Chest Wall Compliance
Inflation and deflation of the lung occur with changes in the dimensions of the chest wall (see Chapter 8). The relationship between the lungs and the chest wall can be illustrated by plotting their relaxation pressure curves separately and combined (Figure 10-7). In the intact thorax, the lungs and chest wall recoil against each other. The point at which these opposing forces balance determines the resting volume of the lungs, or functional residual capacity. This is also the point at which alveolar pressure equals atmospheric pressure. The normal FRC is approximately 40% of the TLC. If the normal lung–chest wall relationship is disrupted, the lung tends to collapse to a volume less than the FRC, and the thorax expands to a volume larger than the FRC.

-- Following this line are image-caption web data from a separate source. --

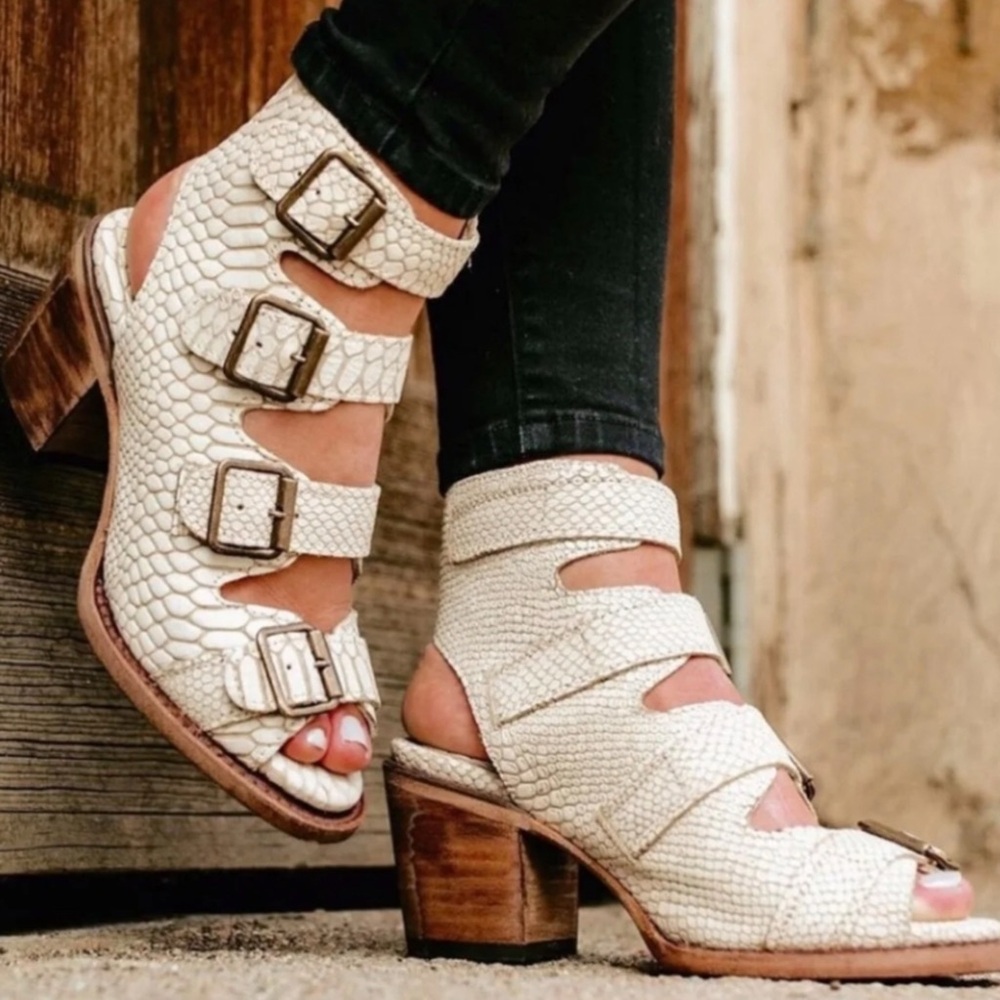 Freebird by Steven Cream Textured Heels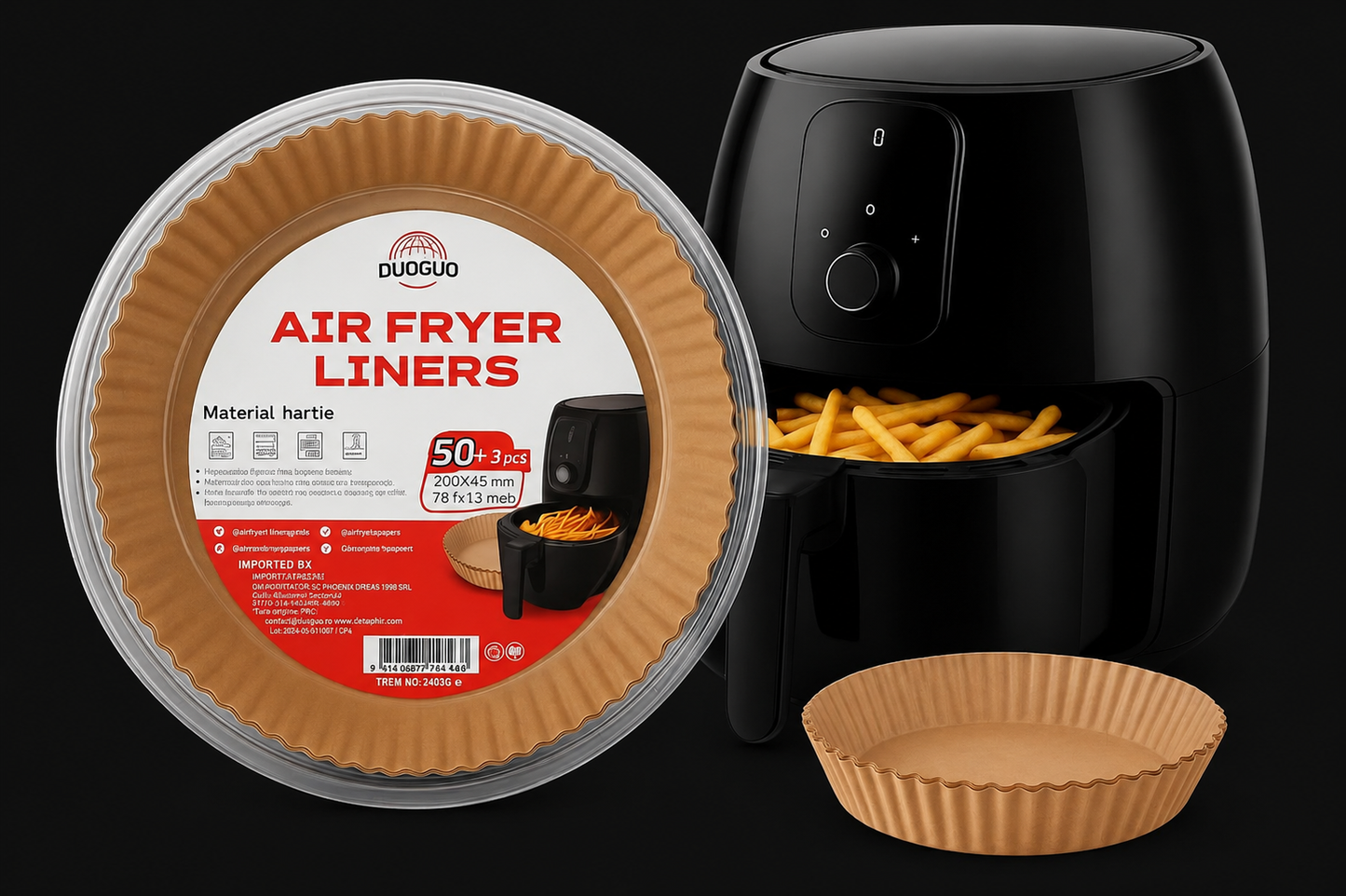 Set Hartii de Copt pentru Air Fryer, 50+5 buc, 200x45 mm, Pachet Rotund Antilipidic, Hartie Pergament Termorezistenta, Forma rotund, in suport de plastic cu capac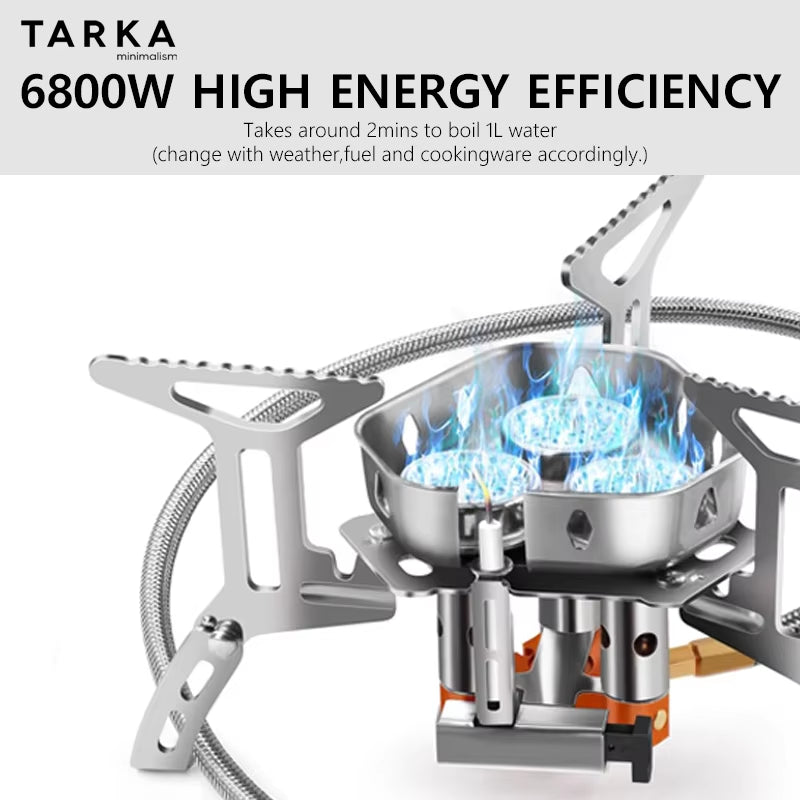 Camping Strong Gas Stove Outdoor 6800W Big Power Burner Portable Fire Furnace Folding Stove Cookware Picnic Supplies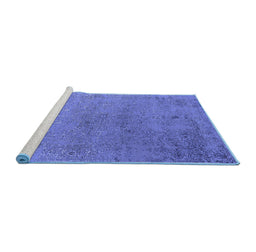 Sideview of Machine Washable Oriental Blue Industrial Rug, wshurb2516blu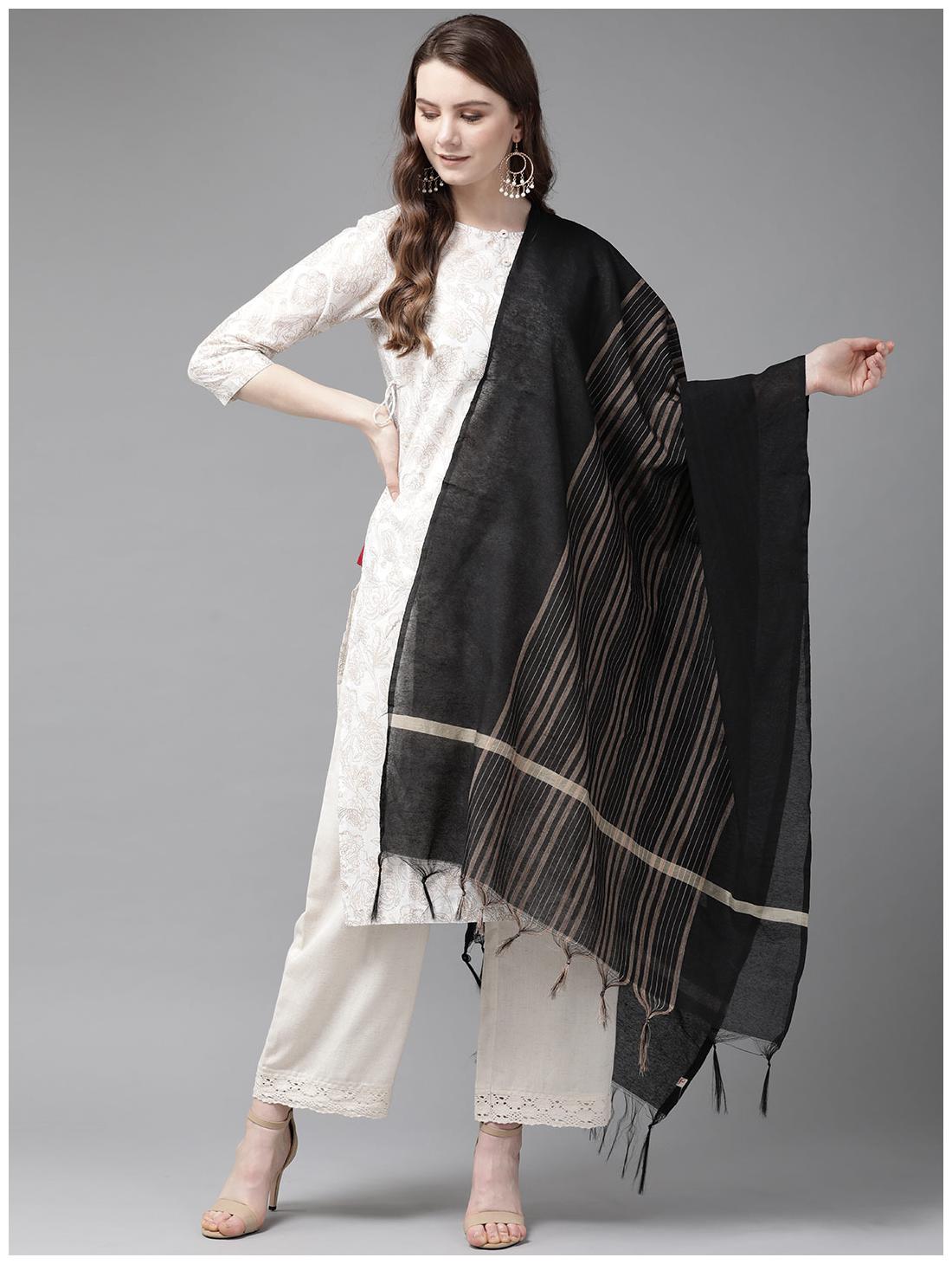 

Juniper Chanderi Black Striped Dupatta For Women
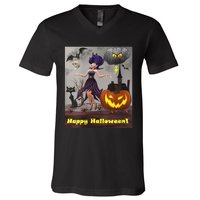 Witch With Black Cat Bats & Pumpkin Halloween Special V-Neck T-Shirt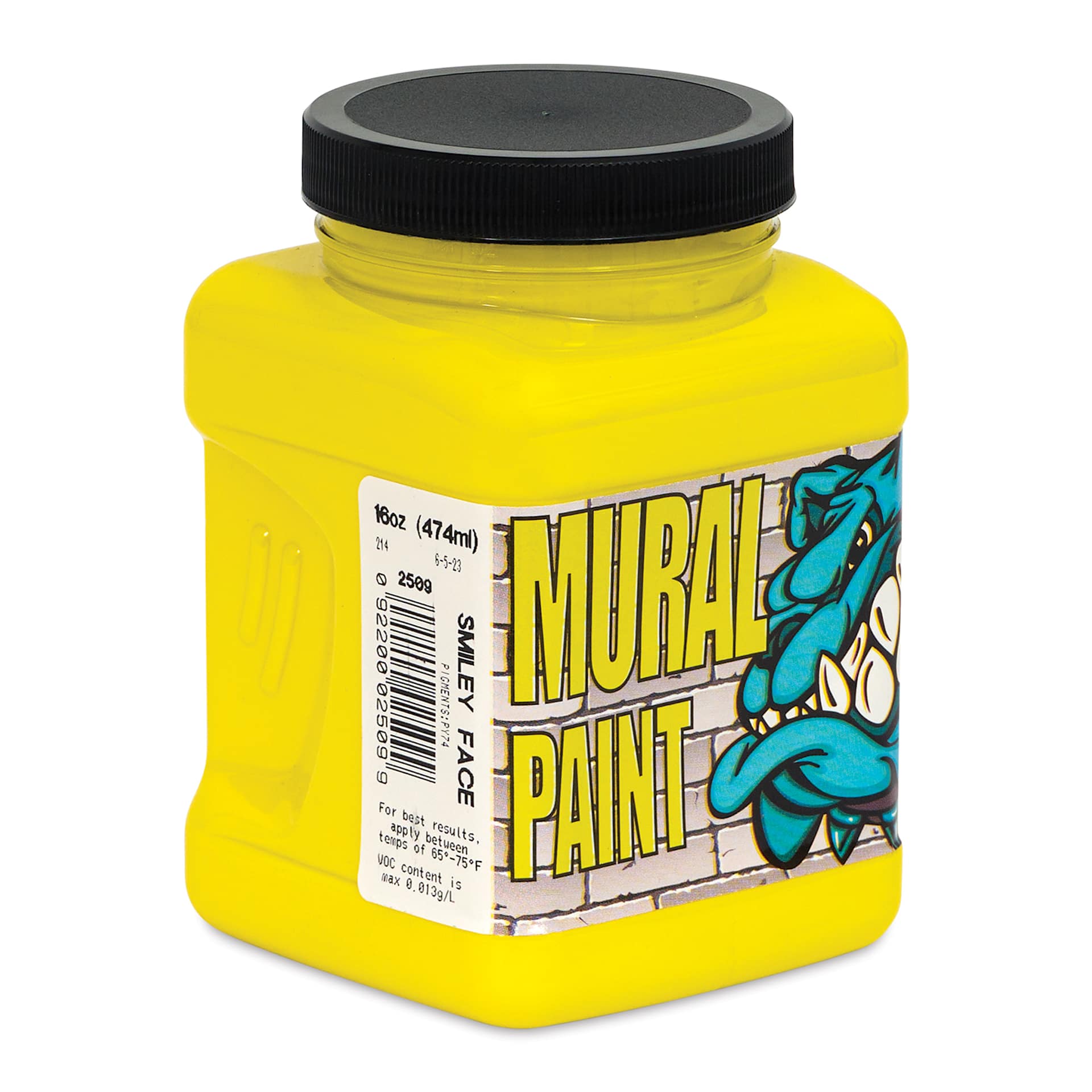 Chroma Acrylic Mural Paint - Smiley Face, 16 oz Jar side view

Inhalation occurs when the balance between the lungs and chest wall shifts. Energy from the respiratory muscles (primarily the diaphragm) overcomes the contractile force of the lungs. At the beginning of the breath, the tendency of the chest wall to expand facilitates lung expansion. When lung volume nears 70% of the vital capacity, the chest wall reaches its natural resting level. To inspire to a lung volume greater than about 70% of TLC, the inspiratory muscles must overcome the recoil of both the lungs and the chest wall (see Figure 10-7).
For exhalation, potential energy “stored” in the stretched lung (and chest wall at high volumes) during the preceding inspiration causes passive deflation. To exhale below the resting level (FRC), muscular effort is required to overcome the tendency of the chest wall to expand. The expiratory muscles (see Chapter 8) provide this energy.
Airway Resistance
Raw in nonventilated patients is usually measured in a pulmonary function laboratory (see Chapter 19). Flow () is measured with a pneumotachometer. Alveolar pressures are determined in a body plethysmograph, an airtight box in which the patient sits. By momentarily occluding the patient’s airway and measuring the pressure at the mouth, alveolar pressure can be estimated (i.e., mouth pressure equals alveolar pressure under conditions of no flow). By relating flow and alveolar pressure to changes in plethysmograph pressure, airway resistance can be calculated.